Exercise instructions
What is needed is an exact reproduction of the lines in the records below, starting at the line with "1484 Allegro Drive, Frisco, TX" and ending at the line with "In Caorle Near Seabeach Lejlighed", both included, and nothing else; pictures stay out.

Source information
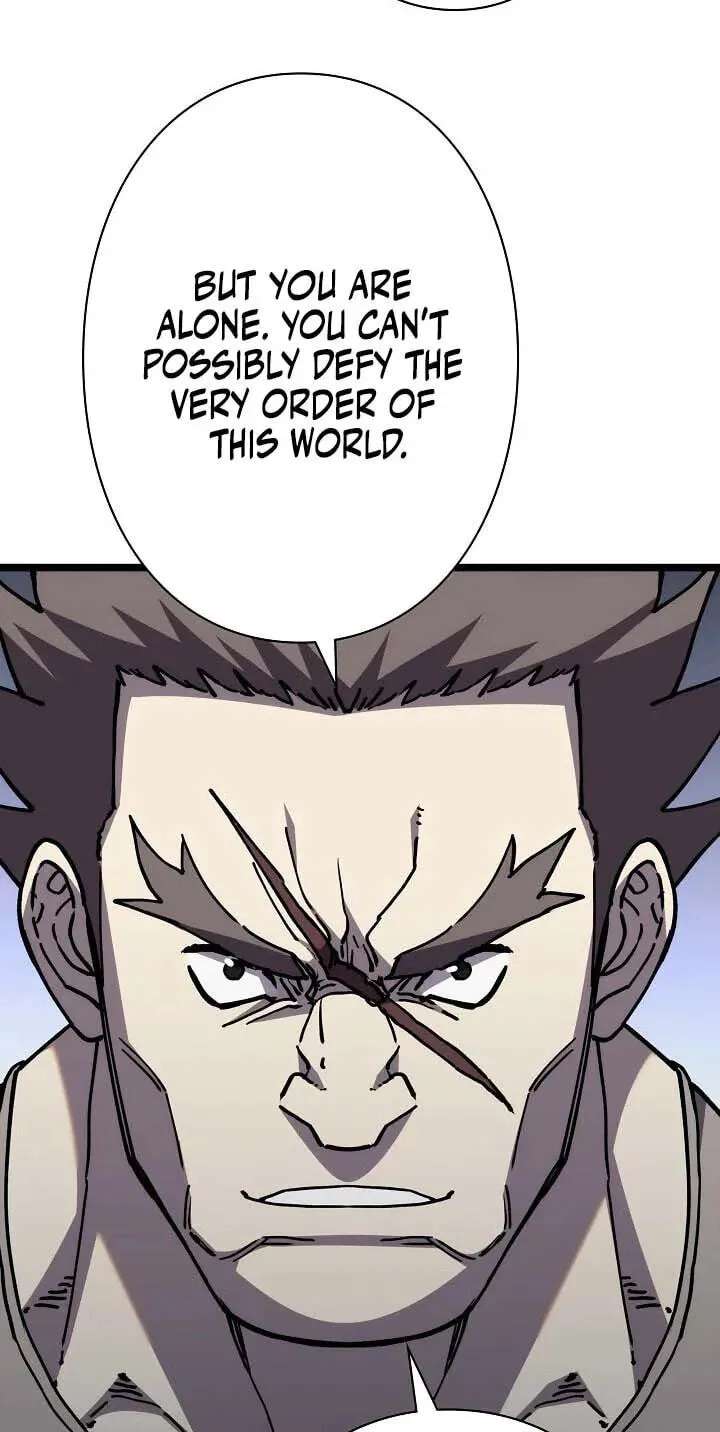 Everyone's switching classes! Who dares say the swordsman is a trash class? Chapter 25 - page 13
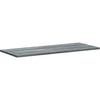 HON Top Table Rect 24X60 Stash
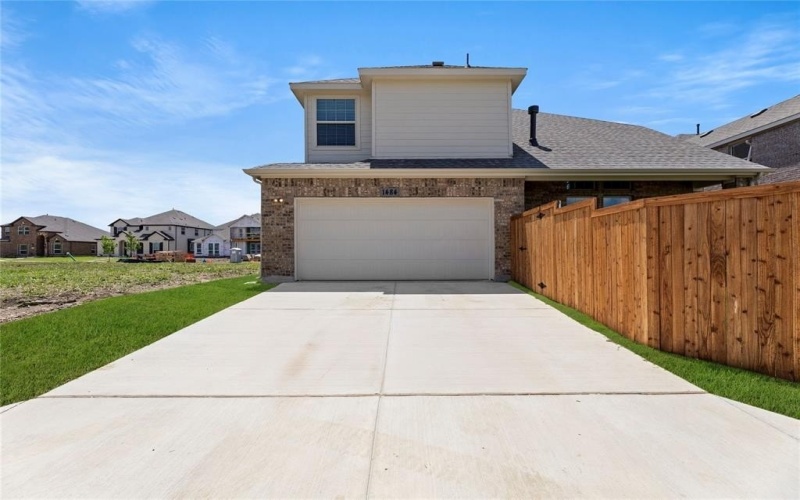 1484 Allegro Drive, Frisco, TX 75036, 6 Habitaciones Habitaciones , ,5 BañosBaños,Residential,En Venta,1484 Allegro Drive,20917858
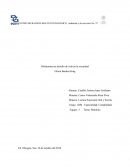 Melatonina un destello de vida en la oscuridad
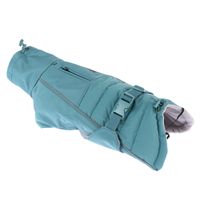 Nomad Tales Spirit Softshell Hondenjas Pacific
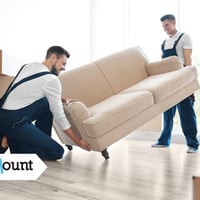 Removalist/Moving Service Business and Assets For Sale in VIC (Our Ref: V2072) image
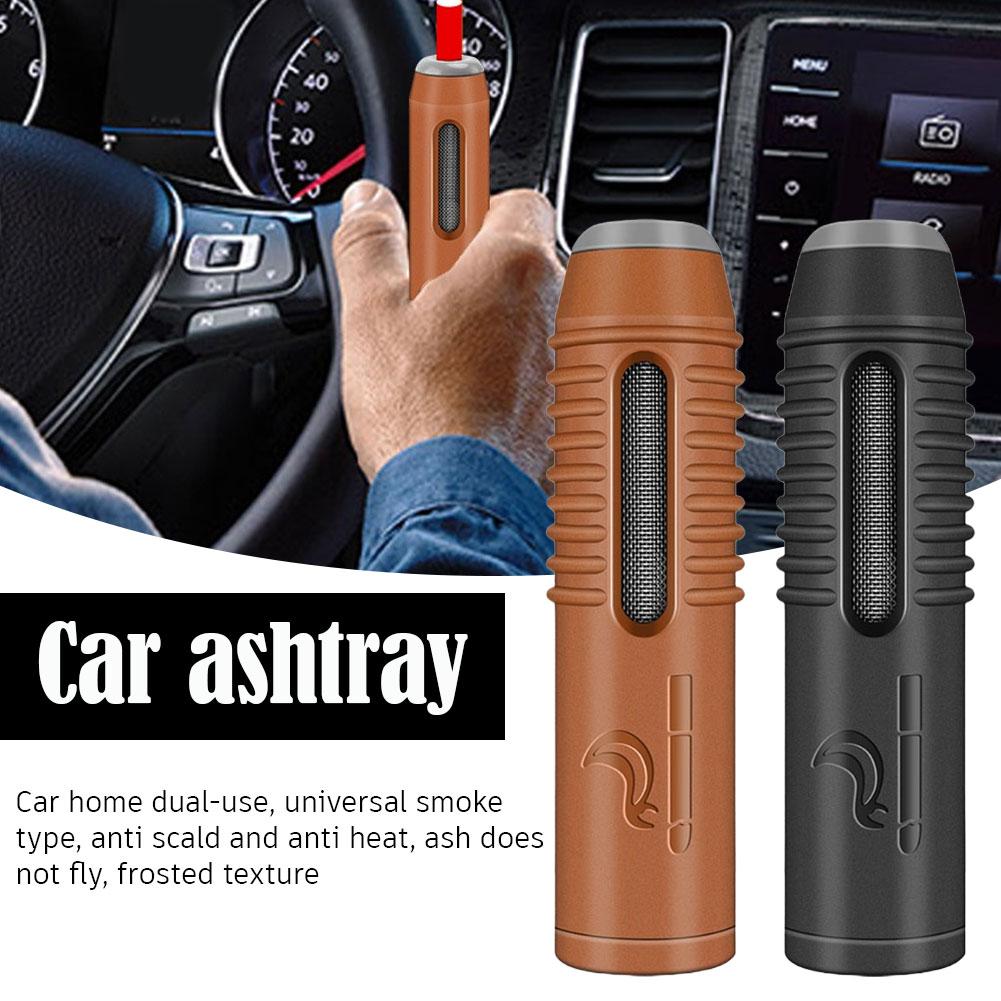 Posacenere portatile per auto, - Smoke Stopper recensione e prezzo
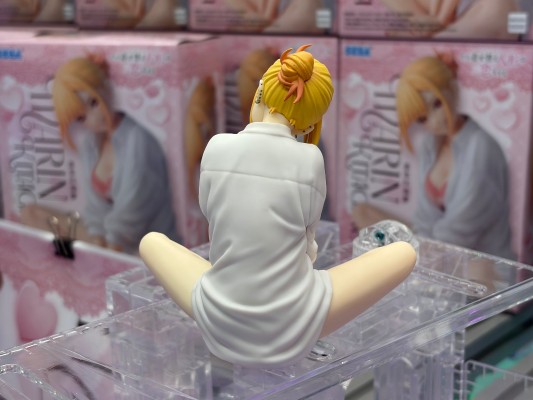 Yumemirize 更衣人偶坠入爱河 喜多川海梦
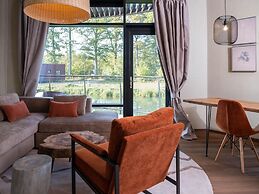 Belvilla Unwind in a Leafy Haven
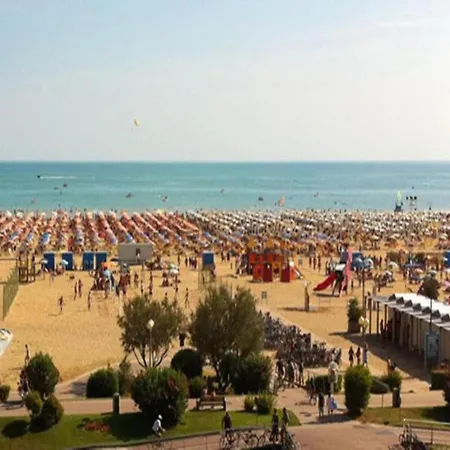 In Caorle Near Seabeach Lejlighed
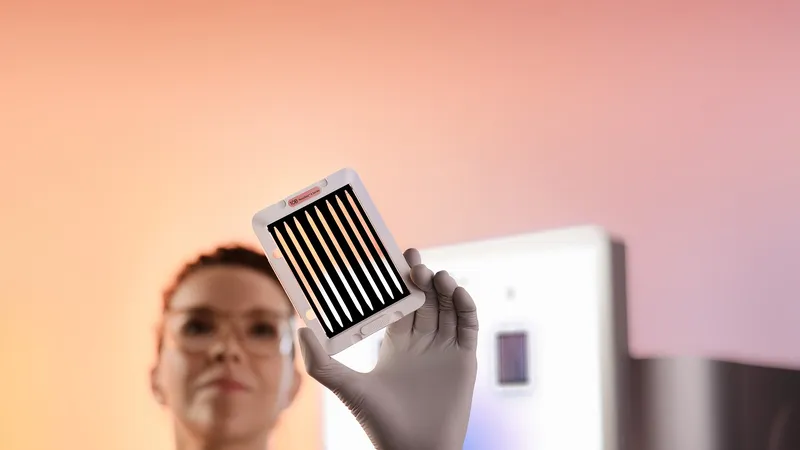 Illumina ra mắt dòng máy NovaSeq X giúp đẩy nhanh quá trình khám phá gen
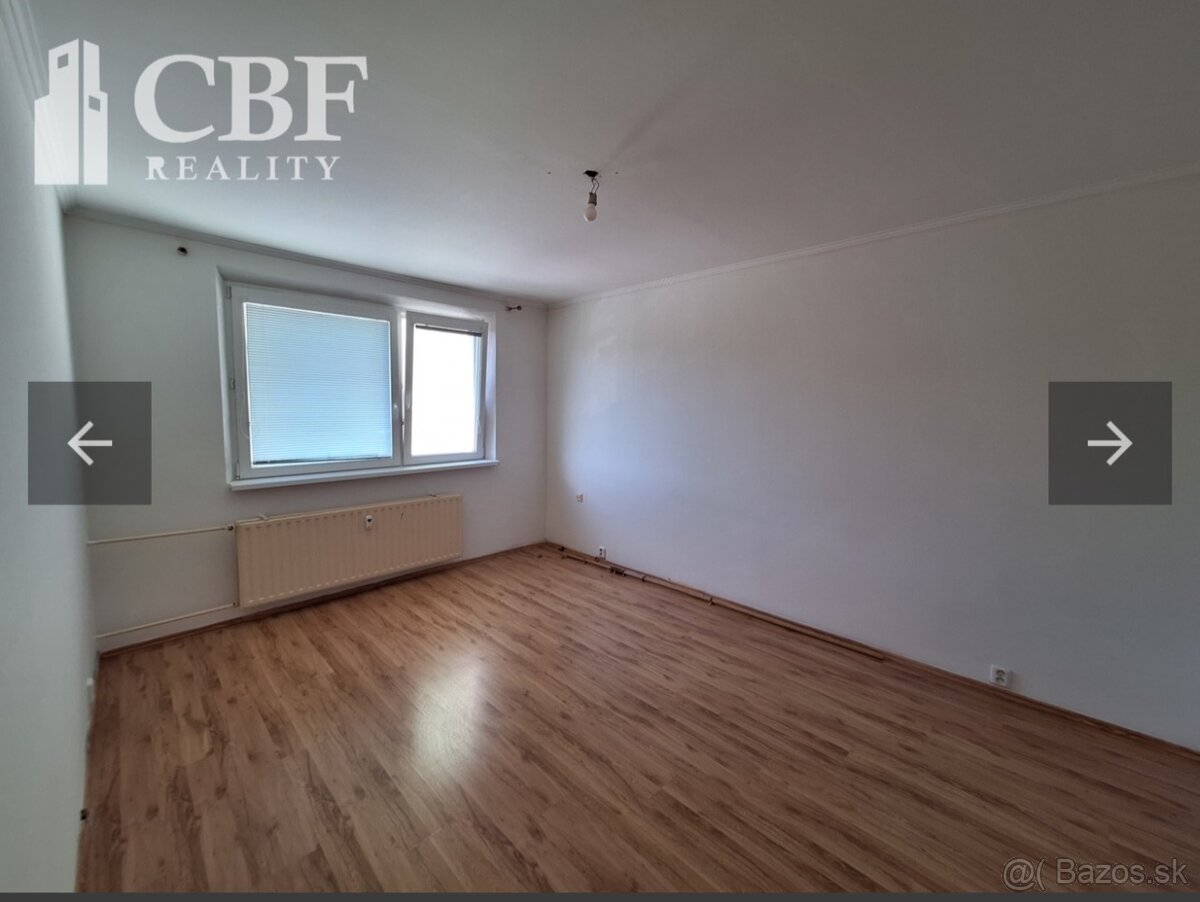 Predaj 3-izboveho bytu - 9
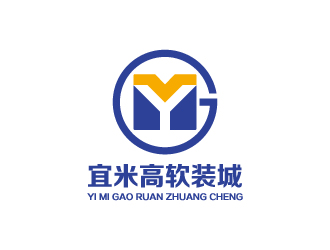 杨勇的logo设计
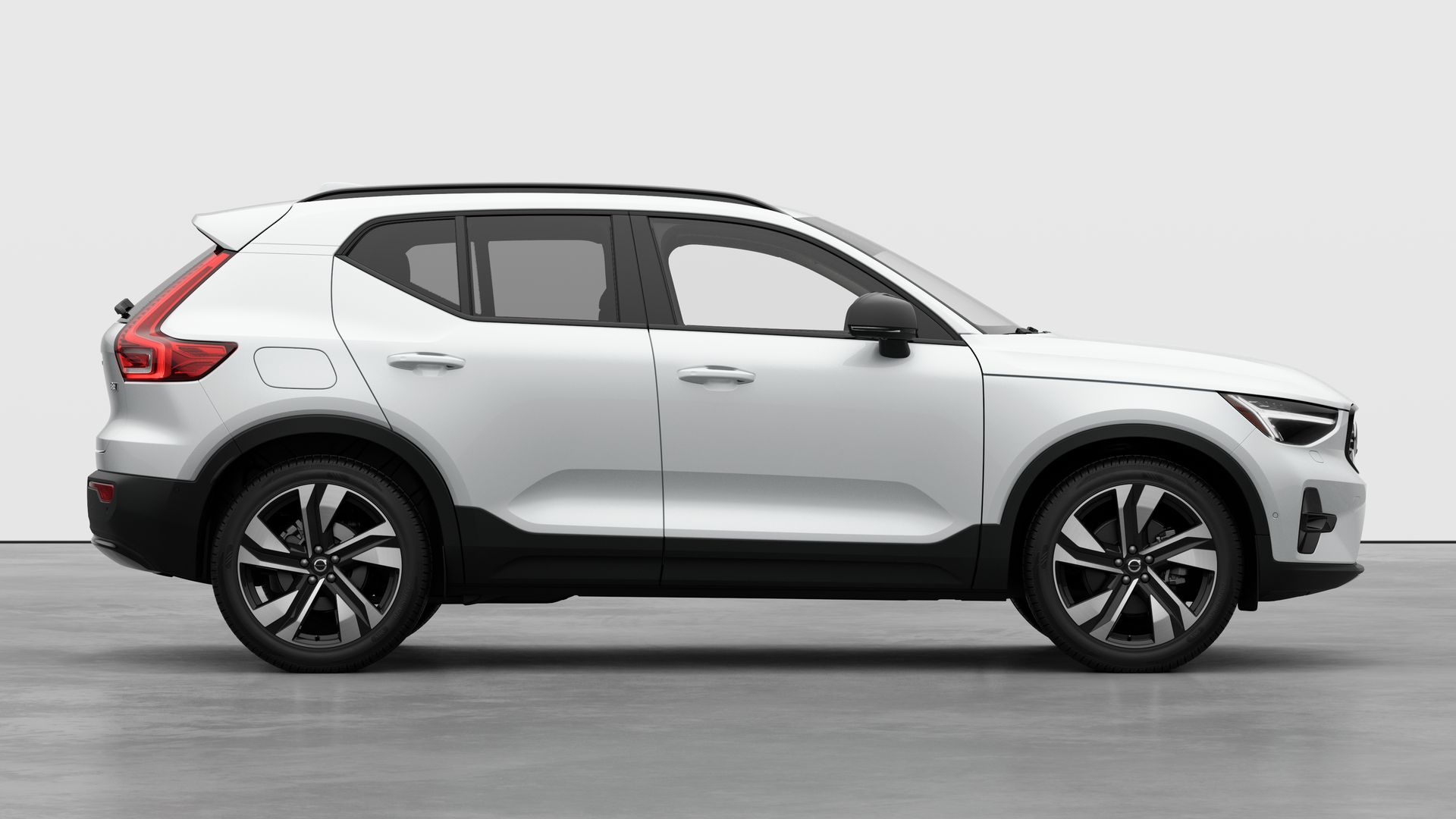 2026 Volvo XC40 in Pointe-Claire, Quebec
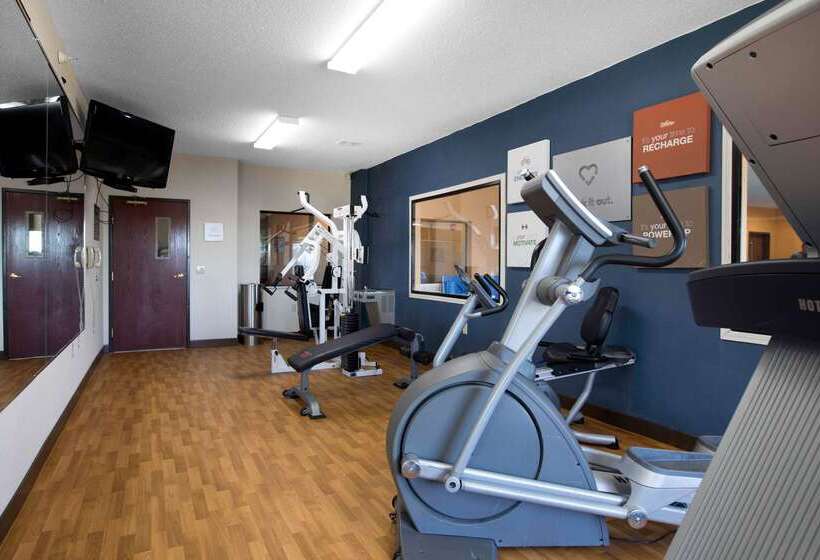 هتل Comfort Suites North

Exercise solution
 1484 Allegro Drive, Frisco, TX 75036, 6 Habitaciones Habitaciones , ,5 BañosBaños,Residential,En Venta,1484 Allegro Drive,20917858
 Melatonina un destello de vida en la oscuridad
 Nomad Tales Spirit Softshell Hondenjas Pacific
 Removalist/Moving Service Business and Assets For Sale in VIC (Our Ref: V2072) image
 Posacenere portatile per auto, - Smoke Stopper recensione e prezzo
 Yumemirize 更衣人偶坠入爱河 喜多川海梦
 Belvilla Unwind in a Leafy Haven
 In Caorle Near Seabeach Lejlighed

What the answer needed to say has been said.